BEGIN Data records

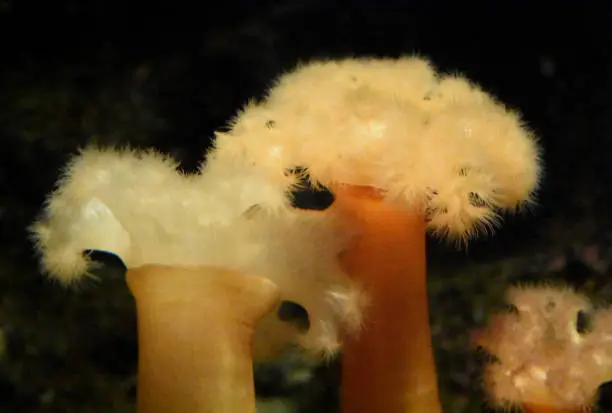 Beautiful group of sea anemones underwater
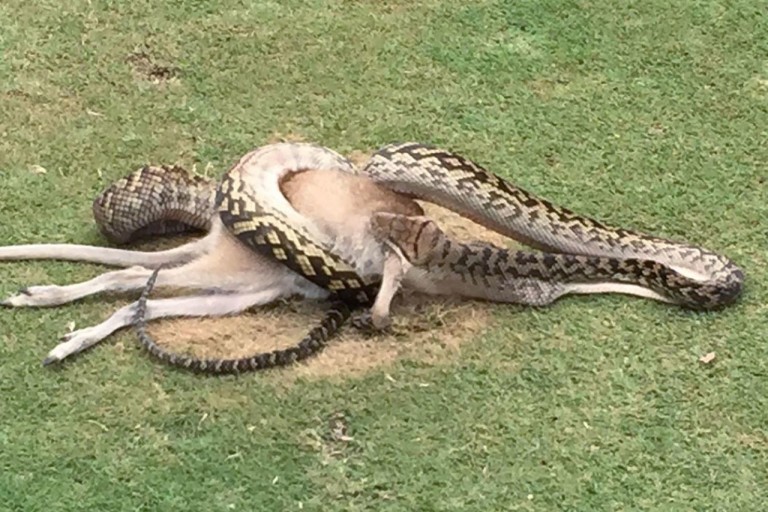 Australie : un python avale un wallaby sur un parcours de golf…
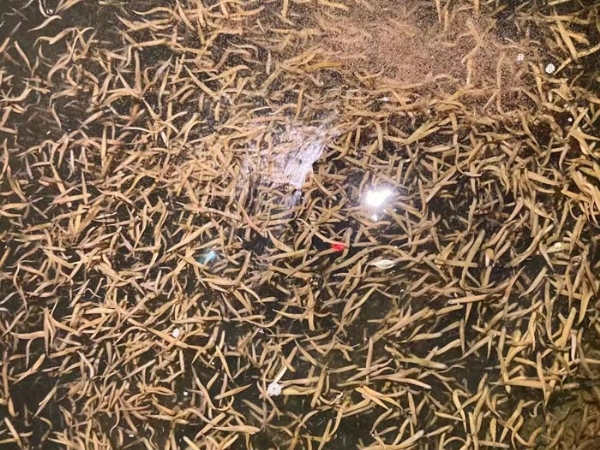 WilliamHill威廉希尔卵茧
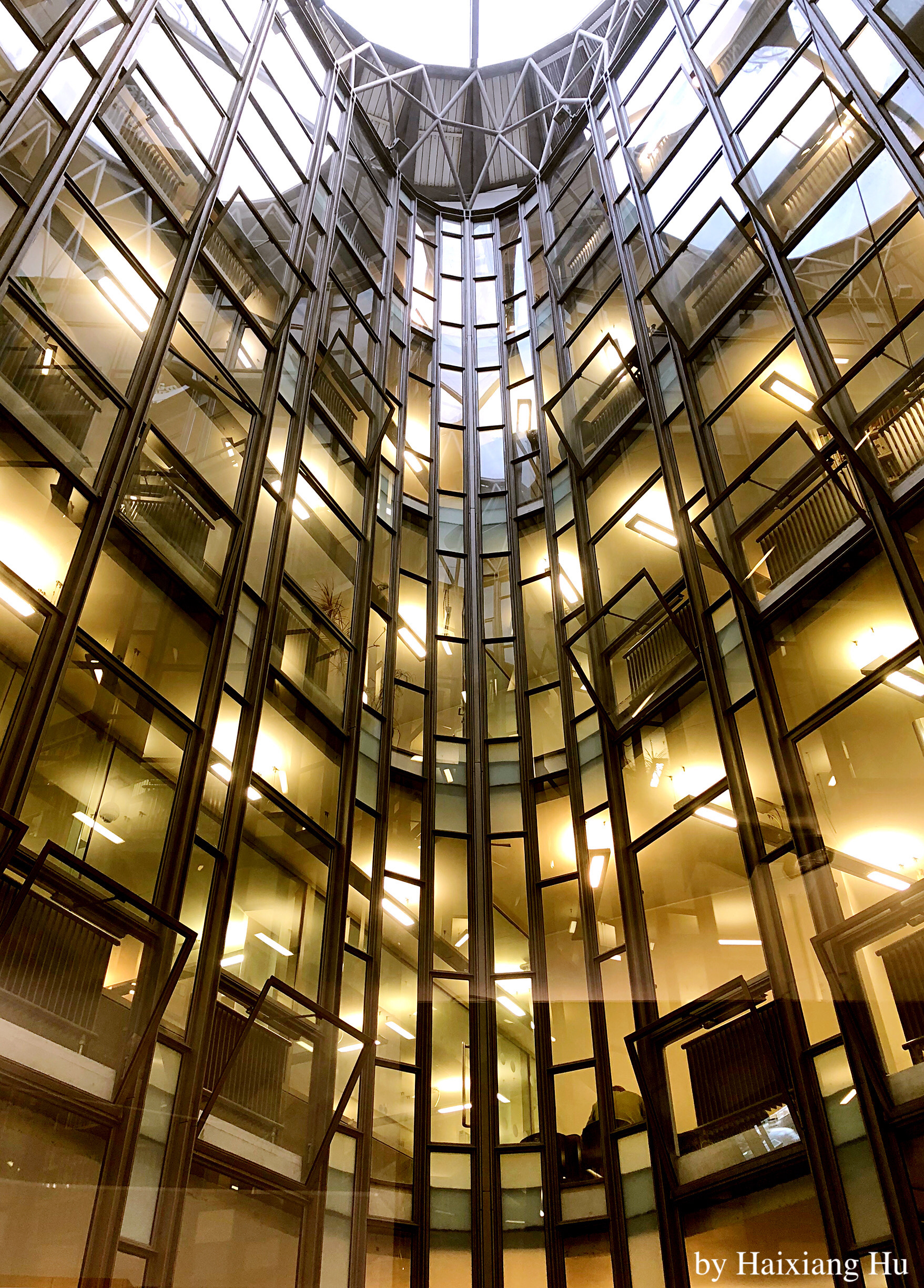 伦敦大学学院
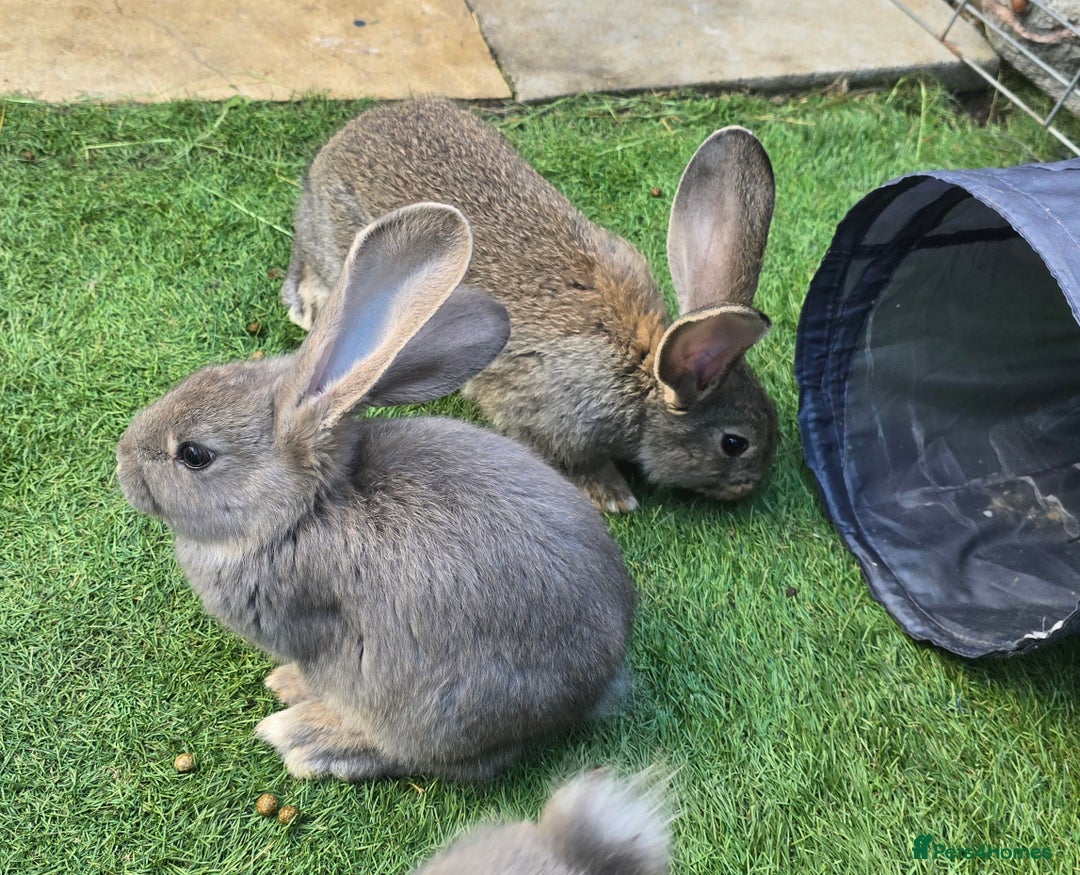Flemish rabbits for sale: Full Flemish Rabbits  - Image 2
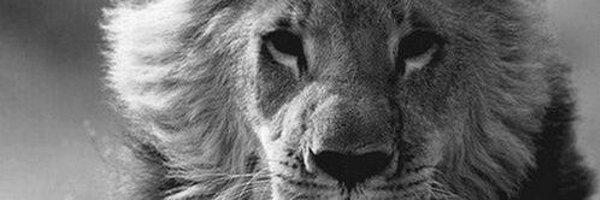 RayraGF Profile Banner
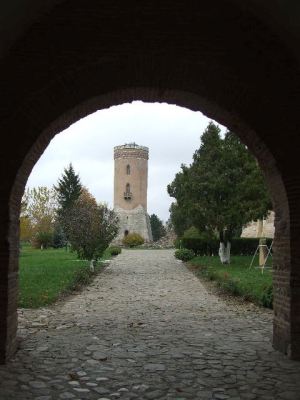 Fotografia nr 6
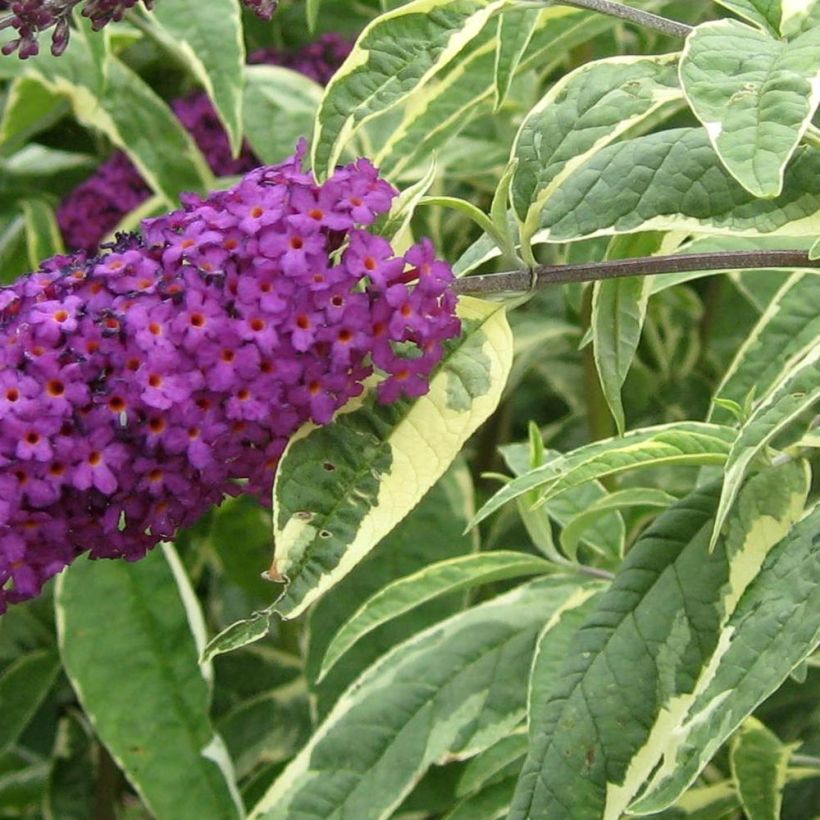 Albero delle farfalle Harlequin (Fogliame)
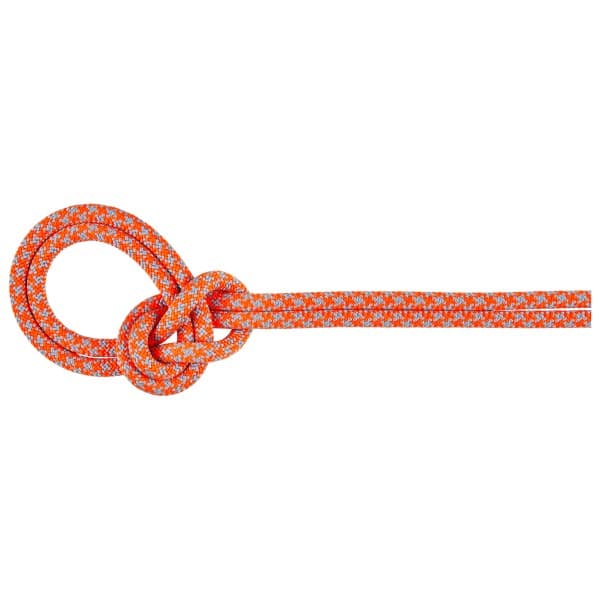 Mammut 9.0 Crag Sender Dry Rope 50m
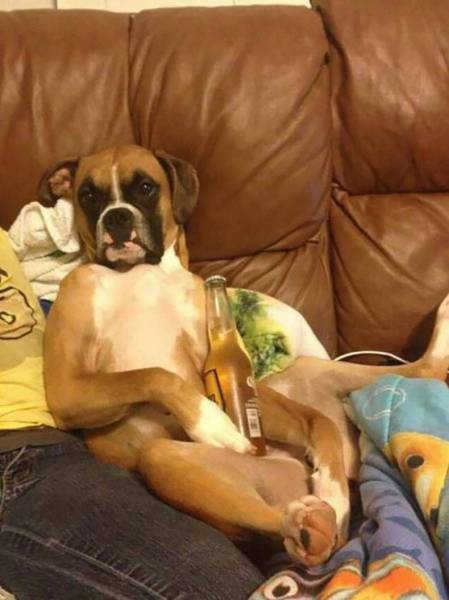 Daily Picdump [WEEKEND EDITION]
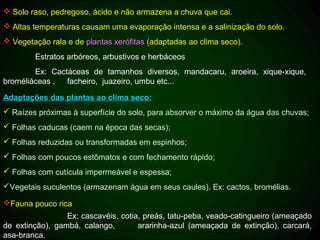  Solo raso, pedregoso, ácido e não armazena a chuva que cai.
 Altas temperaturas causam uma evaporação intensa e a salinização do solo.
 Vegetação rala e de plantas xerófitas (adaptadas ao clima seco).
        Estratos arbóreos, arbustivos e herbáceos
        Ex: Cactáceas de tamanhos diversos, mandacaru, aroeira, xique-xique,
broméliáceas ,  facheiro, juazeiro, umbu etc...

Adaptações das plantas ao clima seco:
 Raízes próximas à superfície do solo, para absorver o máximo da água das chuvas;
 Folhas caducas (caem na época das secas);
 Folhas reduzidas ou transformadas em espinhos;
 Folhas com poucos estômatos e com fechamento rápido;
 Folhas com cutícula impermeável e espessa;
Vegetais suculentos (armazenam água em seus caules). Ex: cactos, bromélias.

Fauna pouco rica
                 Ex: cascavéis, cotia, preás, tatu-peba, veado-catingueiro (ameaçado
de extinção), gambá, calango,        ararinha-azul (ameaçada de extinção), carcará,
asa-branca.
 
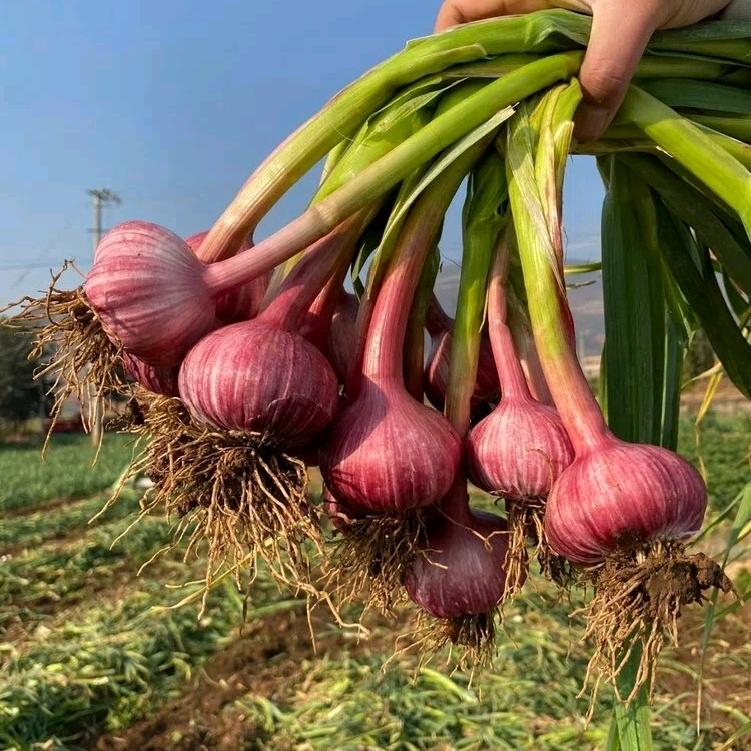 小赵助农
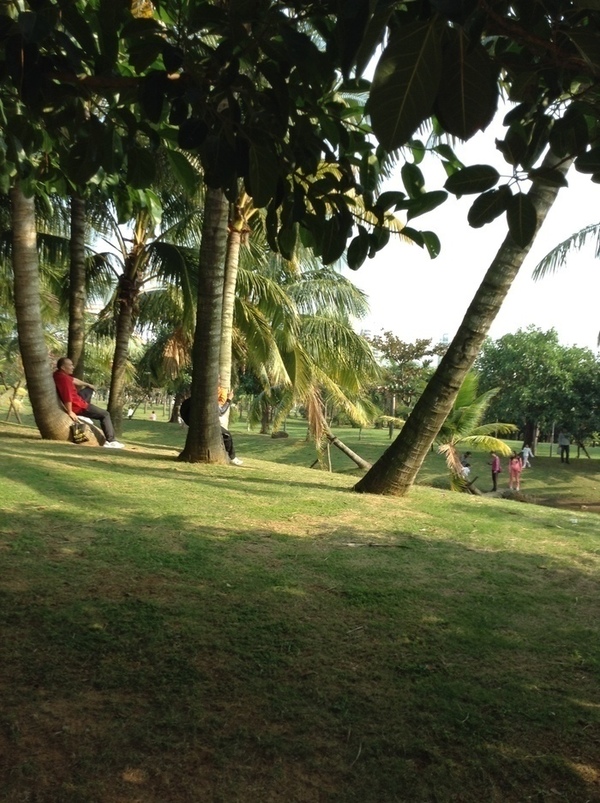 ̨�����ķ羰ͼƬ1 802.jpg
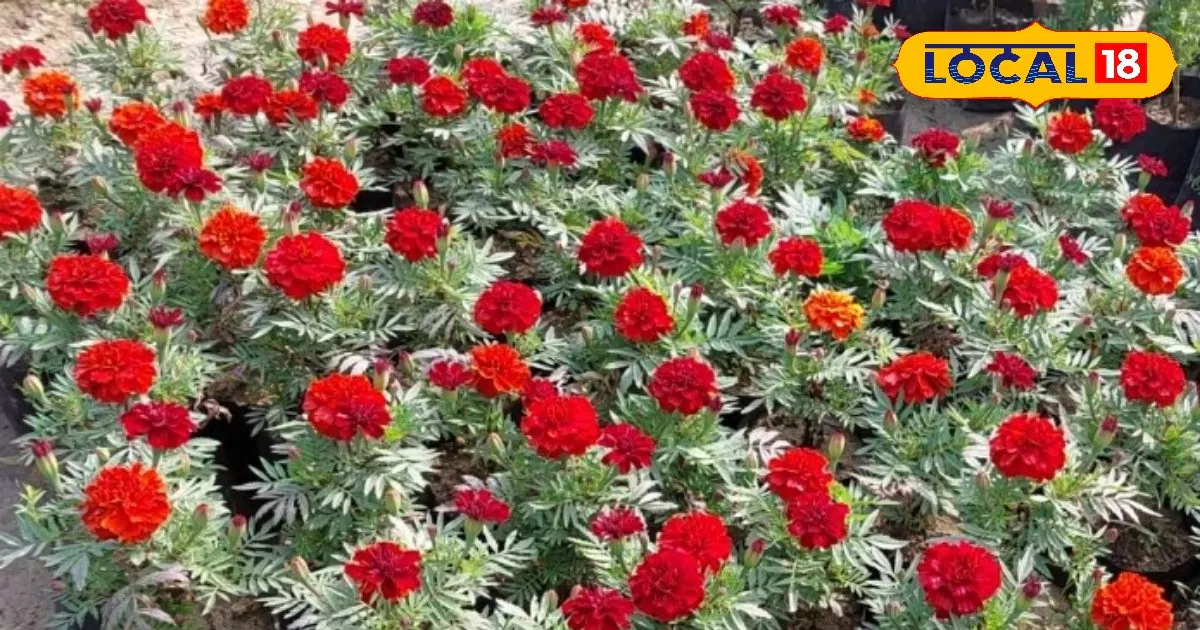 ऐसा बिजनेस जिसकी साल भर घर-घर में रहती है डिमांड, कैसें करें और कितना होगा लाभ, यहां पढ़ें पूरा गणित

END Data records

■ **Assigned task**
All entries should be given again exactly, except that pictures are to be excluded.

■ **Answer**
 Beautiful group of sea anemones underwater
 Australie : un python avale un wallaby sur un parcours de golf…
 WilliamHill威廉希尔卵茧
 伦敦大学学院
Flemish rabbits for sale: Full Flemish Rabbits  - Image 2
 RayraGF Profile Banner
 Fotografia nr 6
 Albero delle farfalle Harlequin (Fogliame)
 Mammut 9.0 Crag Sender Dry Rope 50m
 Daily Picdump [WEEKEND EDITION]
  Solo raso, pedregoso, ácido e não armazena a chuva que cai.
 Altas temperaturas causam uma evaporação intensa e a salinização do solo.
 Vegetação rala e de plantas xerófitas (adaptadas ao clima seco).
        Estratos arbóreos, arbustivos e herbáceos
        Ex: Cactáceas de tamanhos diversos, mandacaru, aroeira, xique-xique,
broméliáceas ,  facheiro, juazeiro, umbu etc...

Adaptações das plantas ao clima seco:
 Raízes próximas à superfície do solo, para absorver o máximo da água das chuvas;
 Folhas caducas (caem na época das secas);
 Folhas reduzidas ou transformadas em espinhos;
 Folhas com poucos estômatos e com fechamento rápido;
 Folhas com cutícula impermeável e espessa;
Vegetais suculentos (armazenam água em seus caules). Ex: cactos, bromélias.

Fauna pouco rica
                 Ex: cascavéis, cotia, preás, tatu-peba, veado-catingueiro (ameaçado
de extinção), gambá, calango,        ararinha-azul (ameaçada de extinção), carcará,
asa-branca.
 
 小赵助农
 ̨�����ķ羰ͼƬ1 802.jpg
 ऐसा बिजनेस जिसकी साल भर घर-घर में रहती है डिमांड, कैसें करें और कितना होगा लाभ, यहां पढ़ें पूरा गणित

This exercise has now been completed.